Entecavir combined with interferon-α is superior to entecavir monotherapy in reducing hepatic and extrahepatic cancer in patients with chronic hepatitis B
Kailiang Cheng 1 , Yu Chen 2 3 , Xiaomo Wang 1 , Manman Xu 2 3 , Wei Liao 1 , Xiaoman Duan 4 , Xinyu Zhao 1 , Yuanyuan Sun 1 , Zhongping Duan 2 3 , Li Wang 1
Affiliations
Affiliations
1
Department of Epidemiology and Biostatistics, Institute of Basic Medical Sciences, Chinese Academy of Medical Sciences/School of Basic Medicine, Peking Union Medical College, Beijing, China.
2
Fourth Department of Liver Disease (Difficult and Complicated Liver Diseases and Artificial Liver Center), Beijing You'an Hospital, Capital Medical University, Beijing, China.
3
Beijing Municipal Key Laboratory of Liver Failure and Artificial Liver Treatment Research, Beijing, China.
4
Sam Houston State University, Huntsville, Texas.

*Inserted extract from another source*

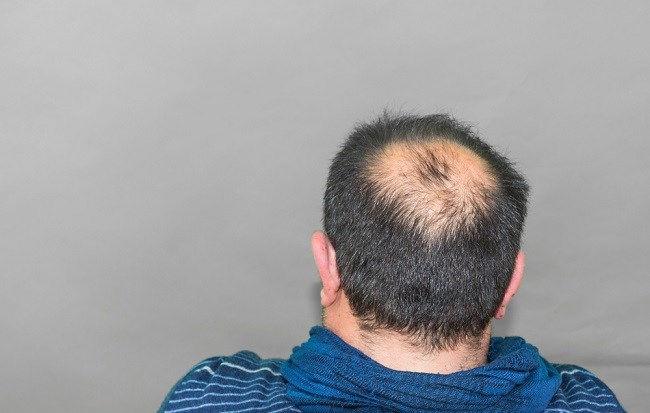 Ilustrasi alopecia aerata. Foto: Alodokter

PMID: 34623636 DOI: 10.1002/cncr.33949
Abstract
Background: The objective of this study was to assess whether entecavir (ETV) in combination with interferon-α (IFN-α) could reduce hepatocellular cancer (HCC) and extrahepatic cancers (EHCs) in patients with chronic hepatitis B (CHB).

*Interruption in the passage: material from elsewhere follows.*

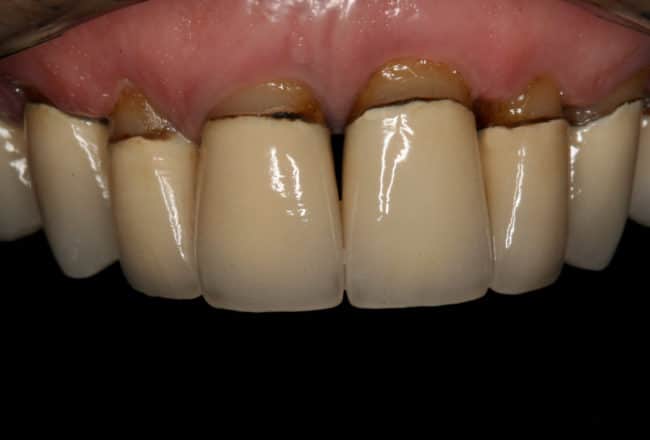 Replacing Metal Crowns with Porcelain for Gum Disease - Before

Methods: The cohort consisted of 4194 patients with CHB treated with ETV combined with IFN-α or ETV monotherapy at a tertiary hospital in Beijing, China, from January 2009 to December 2017. The risks, hazard ratios (HRs), and 95% confidence intervals (CIs) of HCC and EHCs were compared in the 2 groups.

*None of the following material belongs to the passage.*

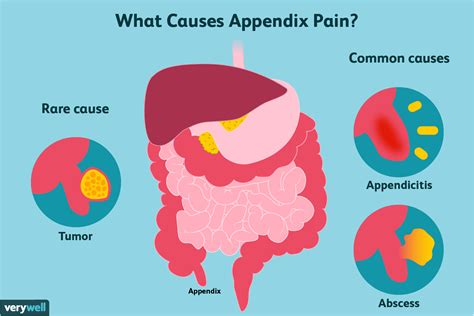 Appendix Pain Causes Treatment And When To See A Doctor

Results: In a multivariate Cox regression analysis, a significantly lower risk of HCC (HR, 0.6; 95% CI, 0.3-0.9; P = .0310) and a marginally significantly lower risk of EHCs (HR, 0.2; 95% CI, 0.02-1.3; P = .0854) were observed in the group receiving ETV combined with IFN-α in comparison with the ETV monotherapy group. The annual virological response rates were significantly higher in the combination therapy group versus the monotherapy group (33.8% vs 21.2%; P < .0001), but the hepatitis B surface antigen (HBsAg) seroclearance rates were not (1.2% vs 0.9%; P = .8537). The HRs were consistent with propensity score-based matching, inverse probability weighting adjustments, and adjustments for virological response and HBsAg seroclearance.
Conclusions: ETV combined with IFN-α therapy is superior to ETV monotherapy in reducing the risk of HCC and EHCs for patients with CHB. People who can tolerate and benefit from IFN-α therapy could consider combination therapy.